From Slate:

This patent arm wrestling doesn’t just provide low-hanging fruit to reporters. It also affects business dealings. Let’s say you have two companies that want to make some kind of business deal, Charles Duan, a patent expert at the R Street Institute, says. One of their key negotiation points might be patents. If two giant companies want to cut a deal that involves their patent portfolios, nobody is going to go through and analyze every one of those patents to make sure they’re actually useful or original, Duan says, since analyzing a single patent thoroughly can cost thousands of dollars in legal fees. So instead of actually figuring out who has the more valuable patents, “the [company] with more patents ends up getting more.
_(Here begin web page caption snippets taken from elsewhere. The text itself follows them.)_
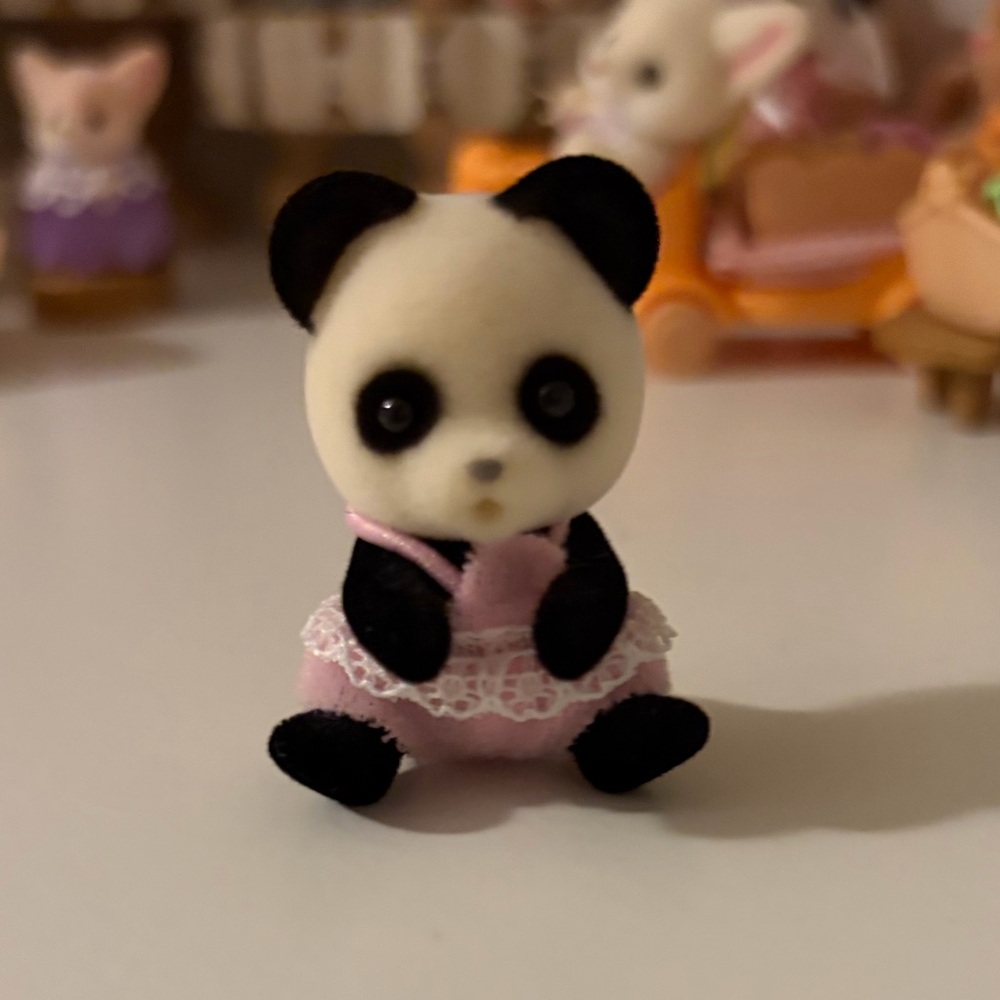 Calico Critters - Adorable Panda Baby Figurine in Pink Dress - NWOT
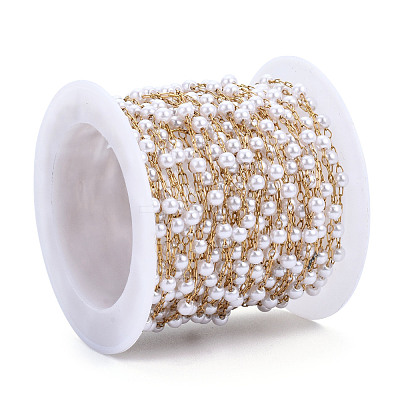 ABS Plastic Pearl Round Beaded Chains CHS-N003-16-1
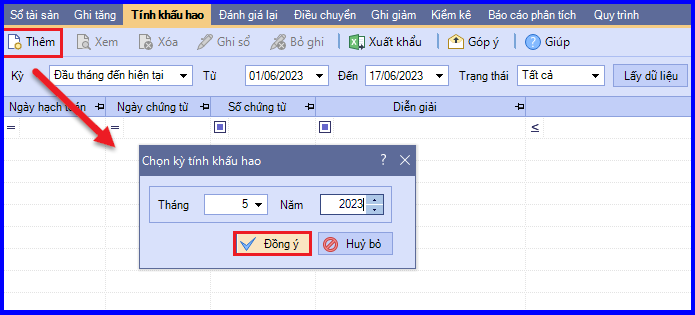 Cách khấu hao TSCĐ trên Misa 1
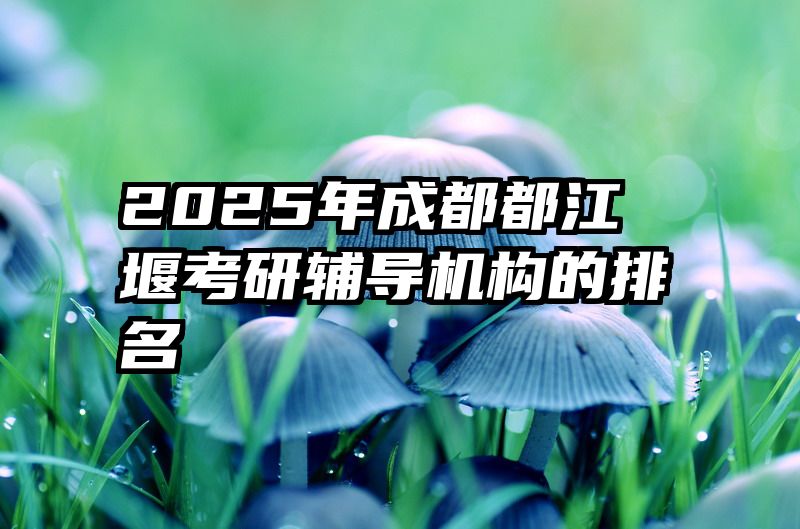 2025年成都都江堰考研辅导机构的排名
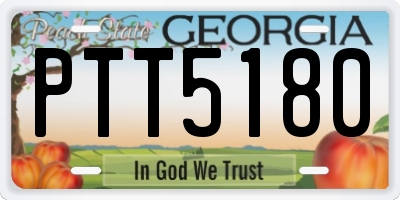 GA license plate PTT5180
I’m not sure there’s honestly much more to it.”

It’s a good example for why there is still real value in reading the patents that companies apply for—not because doing so will necessarily tell you what they’re actually going to make, but because they tell you what problems the company is trying to solve. “They’re indicative of what’s on the engineer’s mind,” says Duan. “They’re not going to make the cage, but it does tell you that they’re worried about worker safety.” Spotify probably won’t make its automatic parking finder, so you don’t have to pause your music in a parking garage while you hunt for a spot. But it does want to figure out how to reduce interruptions in your music consumption. So go forth and read patents. Just remember that they’re often equal parts real invention and sci-fi.